A healthy ozone layer blocks a large part of the sun's ultraviolet radiation, which in big enough doses can cause skin cancer and harm plant life crucial to the food chain. When scientists confirmed a thinning of the ozone in the 1980s, it was the first demonstration that humans were capable of destroying an essential component of the environment. The response was the first--and so far only--demonstration that scientists, businesses and governments could work together to prevent a global ecological calamity.
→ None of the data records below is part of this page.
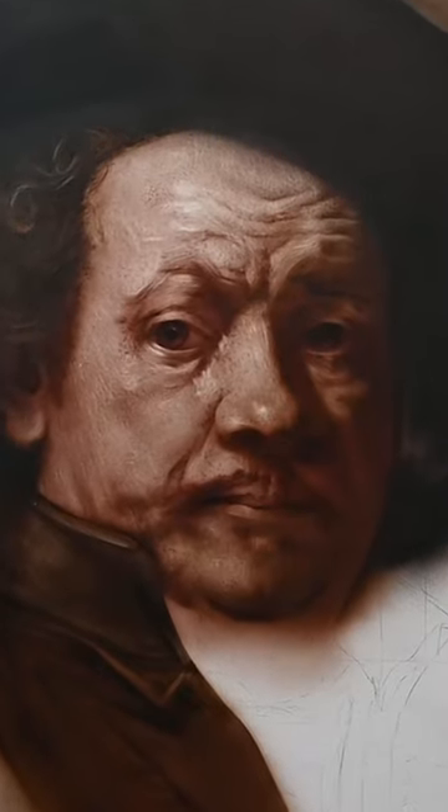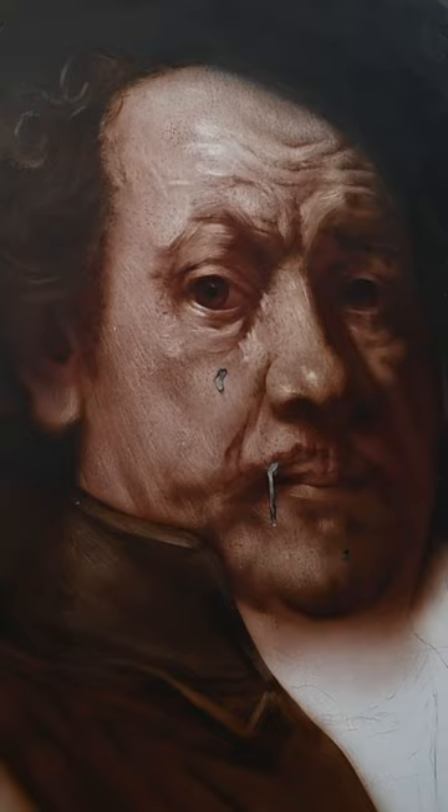I was recently working on this Rembrandt copy when I accidentally splashed black paint on it. I immediately tried to wipe it off, but it only made it worse since the paint layers underneath hadn't fully cured yet.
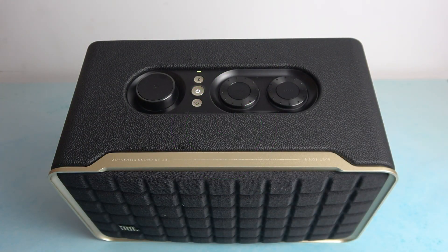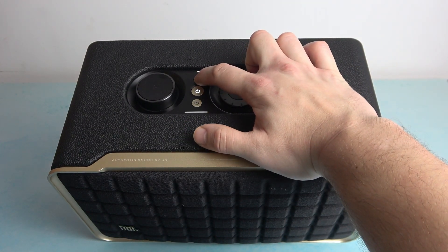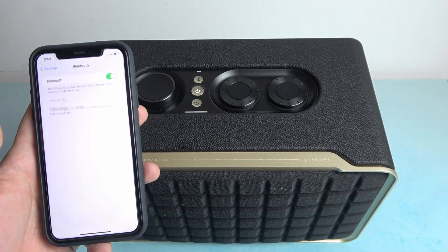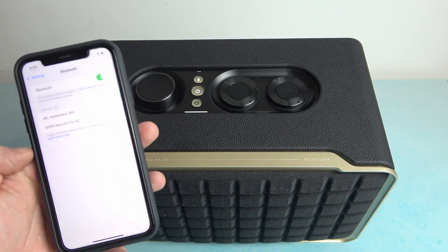To begin, take a look at the speaker and press and hold the Bluetooth button to enable pairing mode. After the prompt feedback, enter Bluetooth settings on your iPhone and select JBL Authentics 300.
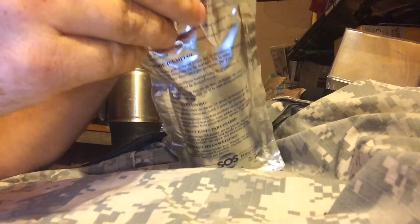The tear notches on the FRH actually did work. The tear notches on the water packet, however, are not very good at all — or not there at all. Either way, it's definitely a pain to tear the corner off.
When the problem was originally suspected by scientists in the 1970s, the manufacturers of chemicals like chlorofluorocarbons (cfcs)--used in aerosol sprays, refrigerators and air conditioners--vigorously disputed the notion that their products could poke holes in the ozone. Eventually researchers pieced together proof of the connection, and in 1987 the Montreal Protocols, ultimately signed by 150 countries, began the phaseout of ozone-destroying chemicals and hastened the development of alternatives.
Now, a decade after the historic agreement, the threat has eased--but not passed. The chemicals in the cfc family are being eliminated on schedules that differ from country to country by economic status: faster in the industrialized nations, slower in the developing world. And since cfcs are long-lived compounds, gases released in the past are still attacking the ozone. This spring, satellites over the Arctic measured the lowest levels of ozone ever recorded. Meanwhile some cfcs are still sold illegally in nations like the U.S. where production was supposed to be phased out completely by now. Concludes M.I.T.'s Mario Molina, who shared a 1995 Nobel Prize for his early warning about the vulnerability of the ozone layer: "Essentially the Montreal Protocols have worked very well, but I regard this as a job to be continued."